The new edition of the Asian Water Development Outlook (AWDO 2016) provides a snapshot of the water security status of 48 of the region’s countries, using latest data sets. According to these, the number of countries assessed as water insecure has dropped to 29, compared to 38 identified in the previous issue of the report in 2013.
“The improving trend in water security is encouraging for the region and mainly reflects investments made in water infrastructure, like access to piped water supply or drainage,” Yasmin Siddiqi, Principal Water Resources Specialist, Asian Development Bank, told The Source. “What we do understand is that there is a strong correlation between governance and water security, so the advanced economies like Australia, New Zealand and Singapore score high on governance and likewise on water security. It suggests that advancing in to higher water security therefore cannot be supported by infrastructure alone, but also requires efforts to improve governance.”
Water insecurity costs the global economy US$500 billion annually, or 1 percent of global gross domestic product. Water for agriculture in Asia and the Pacific consumes 80 percent of water resources, while 1.7 billion people lack access to basic sanitation, according to the report. With the region’s population predicted to top 5.2 billion by 2050, the water resources face enormous pressure as demand is predicted to increase by 55 percent in that time.

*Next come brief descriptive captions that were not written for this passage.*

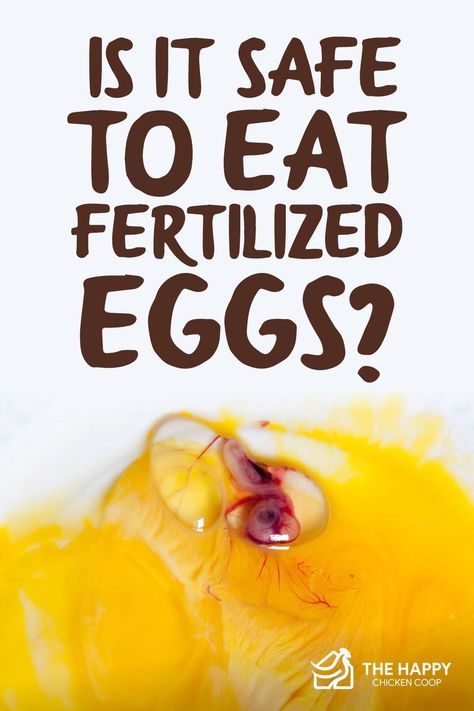 Let’s not beat around the bush here, yes, fertilized eggs are safe to eat. For both you and the egg, well, the egg is kind of out of luck, but there’s nothing wrong with eating a fertilized egg. Fertilized Chicken Eggs, Farming Chickens, Storing Eggs, Sustainable Farm, Chicken Barn, Chicken Care, Chicken Eating, Raising Backyard Chickens, Eating Eggs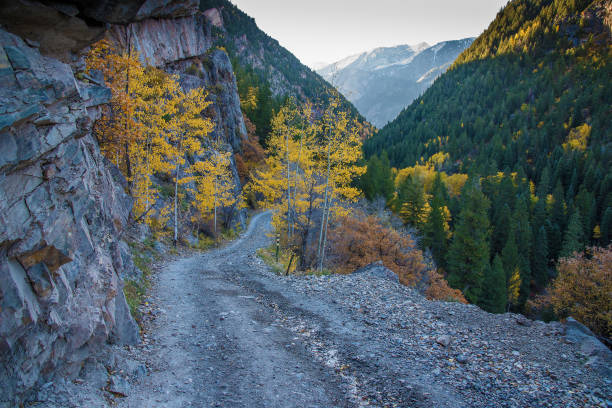 istock Aspen area 4x4 road through aspen trees to old mill 1139787639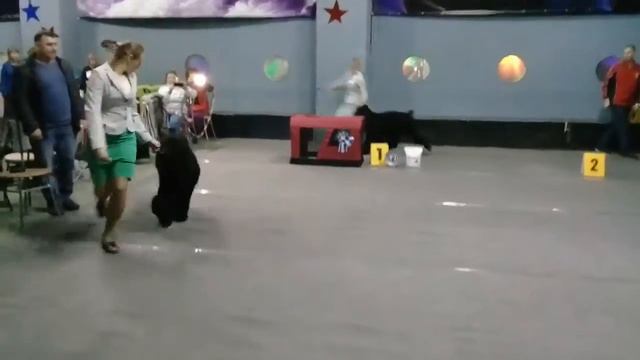 юниорысравнение смотреть онлайн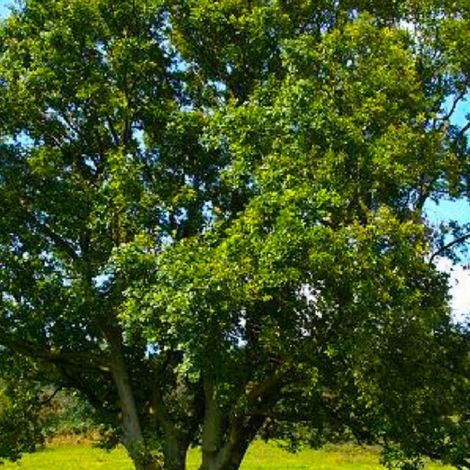 Chêne pédonculé (Quercus robur) - Godet - Taille 20/40cm (1/4)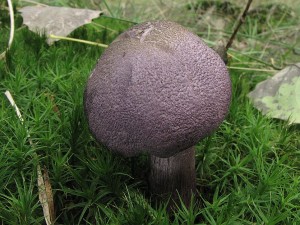 IMG_1222.JPG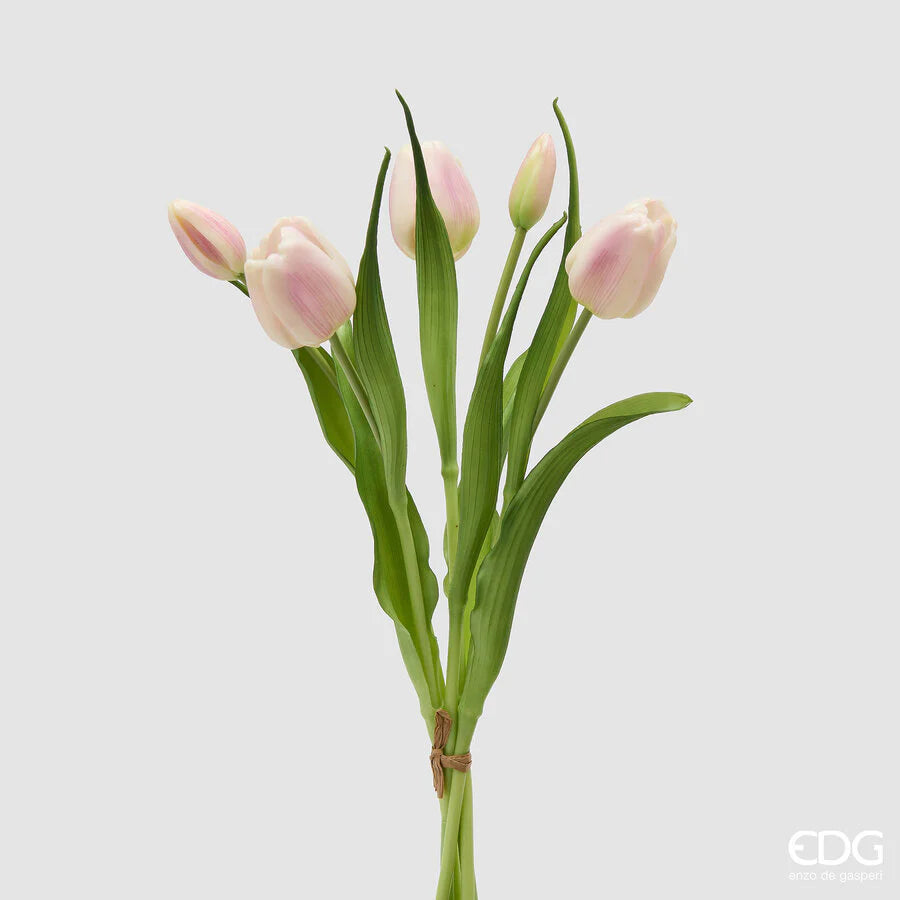 EDG Enzo De Gasperi Bouquet Tulipano Chiuso X4 H 40 Cm con Bocciolo Bianco Rosa
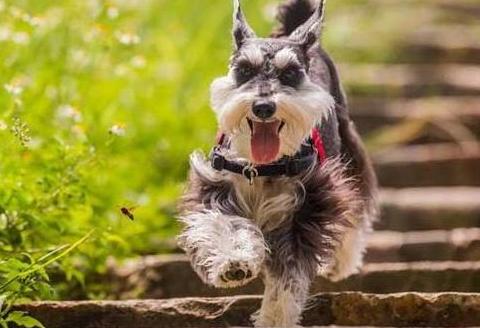 雪纳瑞的各种表现,雪纳瑞要多大才不调皮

AWDO 2016 uses the latest available data to assess water security in five key dimensions including household, economic, urban, environment and resilience to water-related disasters. Advanced economies such as Australia, Japan and New Zealand consistently lead the way, followed by countries in East Asia—led by China, which has taken the biggest stride to improve water security since the AWDO 2013 edition.
“Asia and Pacific remains the world’s most vulnerable region to water insecurity and cannot sustain its recent high growth through provision of infrastructure alone,” said Bambang Susantono, ADB Vice- President for Knowledge Management and Sustainable Development. “Meeting the region’s socioeconomic challenges and achieving Sustainable Development Goal 6 on water will require bridging the gap in provision of water services between rich and poor in urban areas, and between rural and urban areas.”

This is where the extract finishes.